Abstract
Despite being an effective mode of communication, Computer-Mediated Communication (CMC), particularly regarding text-based exchanges, still has inherent limitations compared to in-person communication. The objective of the current study is to review the previous studies which identified and addressed the challenges, including difficulty in embedding emotional information in text effectively. Previous studies demonstrated changes in text properties might deliver emotional information as well as the two phases of text encodings could be completed simultaneously by interaction designs. The study also suggests future studies to find the emotional meaning of text features and to develop novel applications using machine learning technologies.
Introduction
Communication, both spoken and written communication, has two major cue structures, which are verbal and nonverbal. Academics posit that nonverbal cues such as eye contact, facial expression, gestures, and voice tones serve the purpose of transmitting affective information, whereas verbal cues are intended to convey cognitive content (Knapp et al., 2013). Spoken and written communication has distinct purposes and characteristics regarding human interaction. Spoken communication is face-to-face or remote to convey information and thoughts. On the other hand, written communication refers to using written language to exchange information and ideas, typically through electronic means such as email, messaging, and social media platforms, using text.

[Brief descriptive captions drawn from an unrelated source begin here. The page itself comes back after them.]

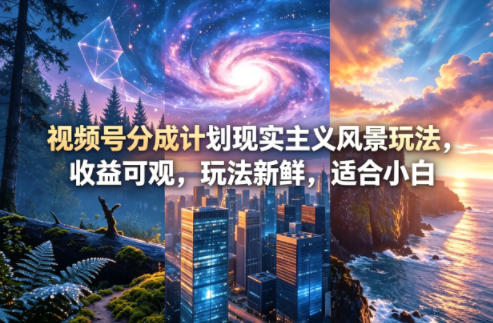 视频号分成计划现实主义风景玩法，收益可观，玩法新鲜，适合小白-优品网赚资源库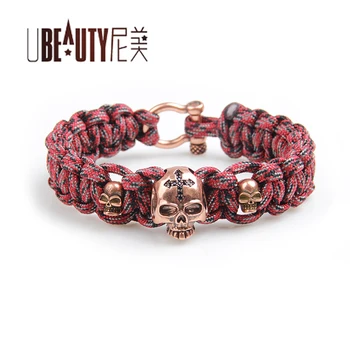

Men Bracelet Personality Skull Shape Copper Nylon Rope Handmade Trendy Cuff Bangles & Bracelet Vintage Men Jewelry Bracelet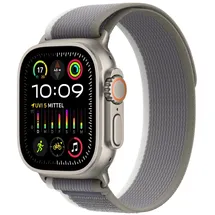 Apple Watch Ultra 2 GPS + Cellular 49 mm Titangehäuse natur, Trail Loop grün/grau M/L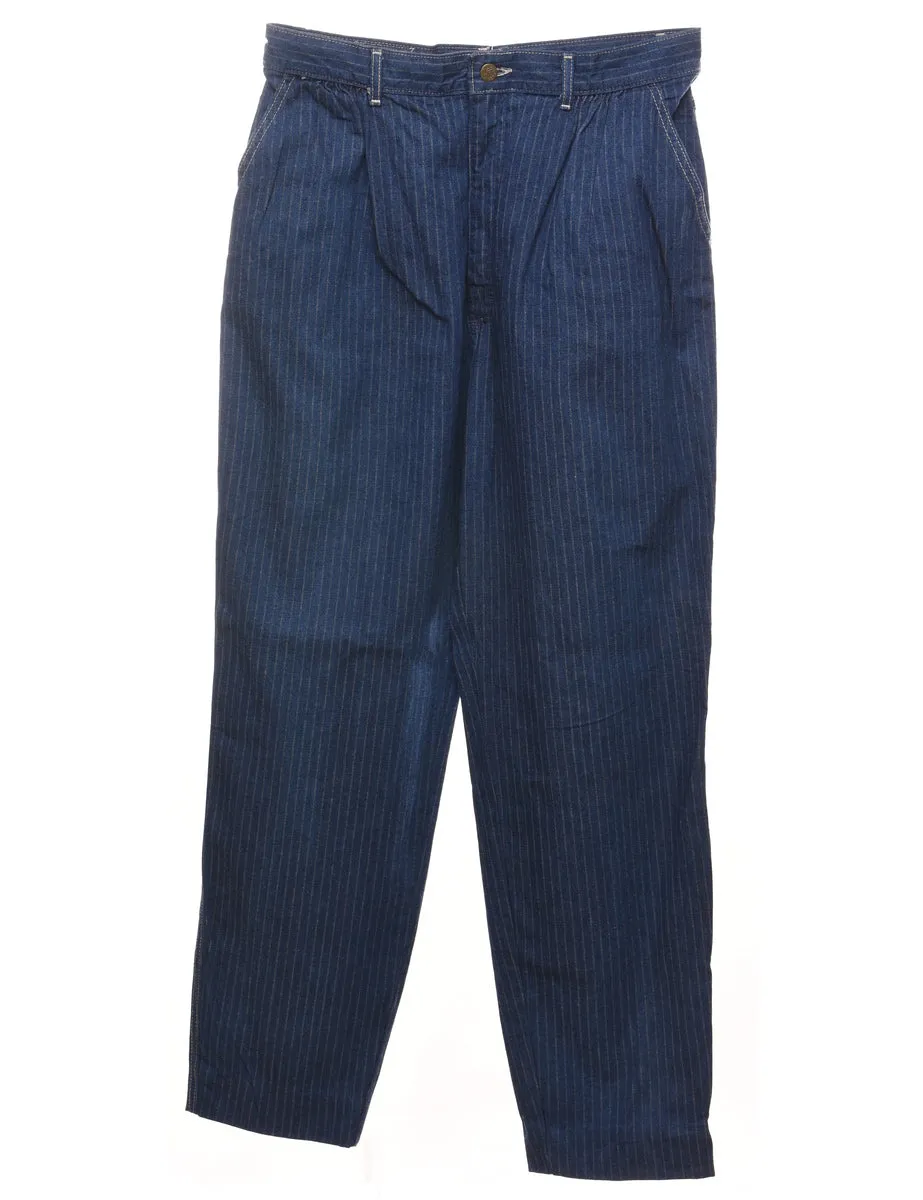 Pinstriped Dark Wash Lee Jeans - W32 L32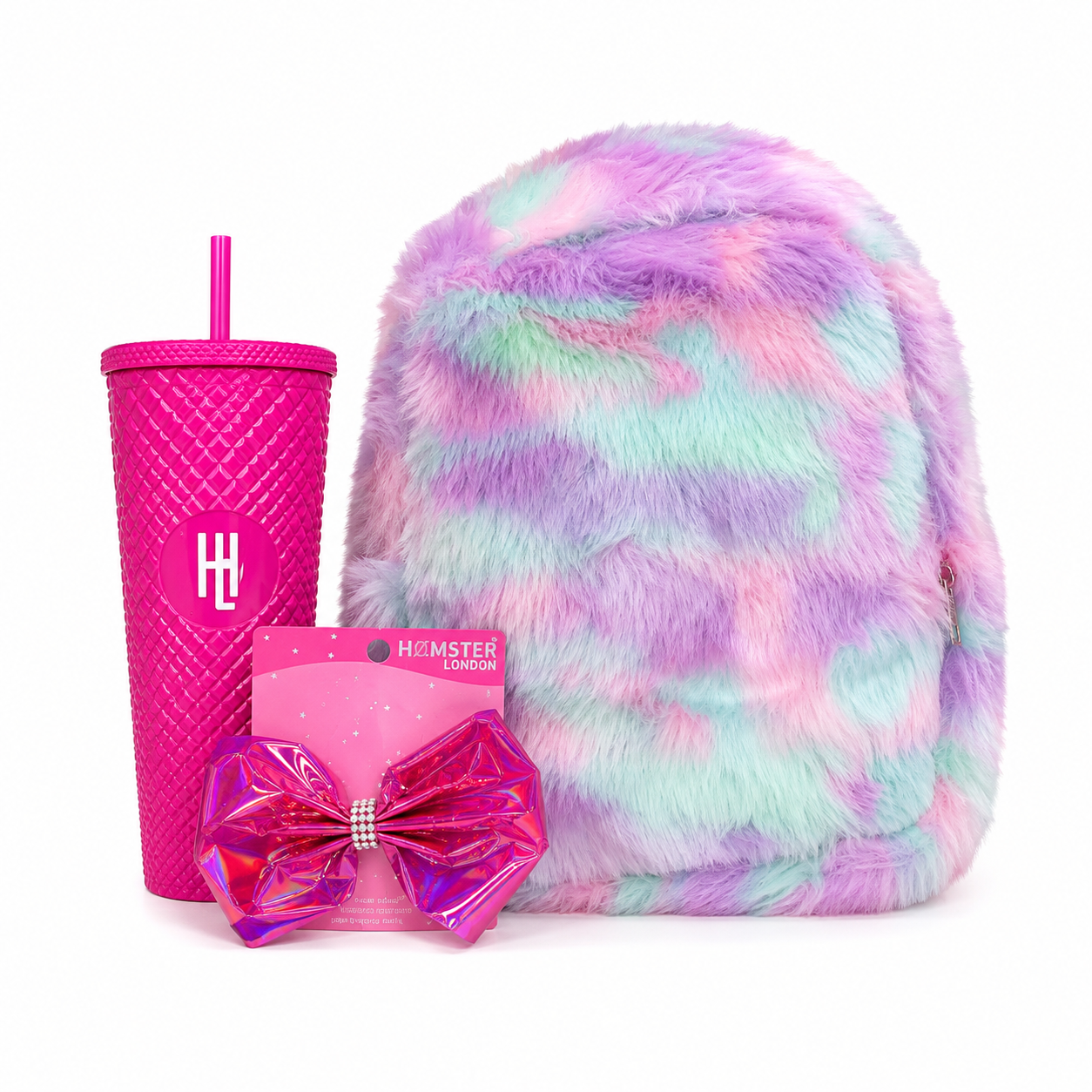 Hamster London Furry Backpack Gift Set with Sipper & Hair Clip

As technology has revolutionized over the last decades, Computer-Mediated Communication (CMC) has brought forth a new set of language forms, and people have progressively accepted this digitalized interpersonal communication as a norm (Walther, 2011). Despite its wide usage in our society, CMC poses a major challenge, including the difficulty in encoding context and emotion simultaneously while interacting online due to the lack of nonverbal cues. For example, text-based emails, messages, and documents may not be effective in transferring emotions along with the text, unlike in-person communication. The absence of nonverbal cues in CMC settings poses a significant challenge for recipients to interpret the intended meaning accurately, as nonverbal expressions are crucial communication components for both sender and receiver (Walther, 1992). The recipient or other individuals in CMC will ineluctably interpret the message, either consciously or unconsciously, based on their own perceptions and understandings (Hall et al., 2019).
Therefore, despite the similarities in their function to deliver information, several key differences exist between spoken and text communication. One of the biggest challenges is that the tone and emotion are often more difficult to convey in text communication. In this regard, some research efforts have proved the feasibility of conveying human emotions to typographical features to enhance the quality of text-based interaction in online settings (Choi & Aizawa, 2019; Ho, 2013; Tsonos & Kouroupetroglou, 2011).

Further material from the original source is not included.